I was born into a Catholic family. I went through all of the normal Catholic traditions: baptism, confession, first communion, confirmation… I was even went to Catholic school and got married in the Catholic church. But I never really felt a part of anything. I went to church, received communion, listened to the message, and went home. It was cold, traditional, unfriendly… not what I was needing at that time. So, naturally, I stopped going.
When my daughter was born, Will and I talked about going back to church. I wanted her to know God… but the Catholic church wasn’t really what I wanted. When we decided to “try again” we chose a Lutheran church – it was familiar. We had been going for almost a year, had her baptised, and although I knew there should be more to church, I figured maybe this was it.

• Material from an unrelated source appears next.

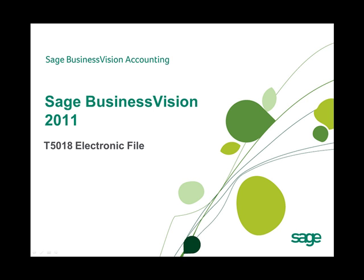Welcome to this Sage Business Vision 2011 New Feature Overview. In this overview, we will discuss the new T5018 electronic file option.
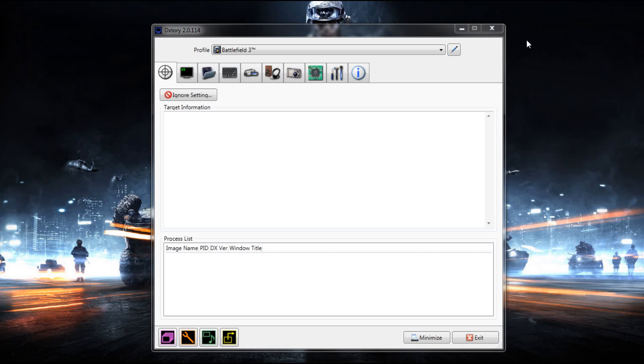What's happening everybody, it's Vizzy here and today I'm going to show you how to set up your DXTory so you can record games in good quality. So let's get started.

Well a few months after having her baptised, we were sitting in church listening to a sermon about how God gives us opportunities to be a good Christian… to help others. This was sort of a bone of contention for me, because at the time, I felt there were so many people around me who were looking for their ticket into heaven by going to church every weekend, not by doing good. I guess, at least for the congregation I was in at the time, this was very true. As we were leaving church that day, we were fussing with a two year old, so it took us a while to get out to the car. There was a large group of people ahead of us, walking to their own cars, and a vehicle came down the road in front of the church, made a very loud bang, and started smoking. The man pulled his car into the driveway of the church and stopped the car. I then watched every single car leave the lot without anyone asking them if they needed help. I was appalled! We had just been given a message to help others… how could everyone just drive by?! So with our two year old in tow, we stopped and we helped.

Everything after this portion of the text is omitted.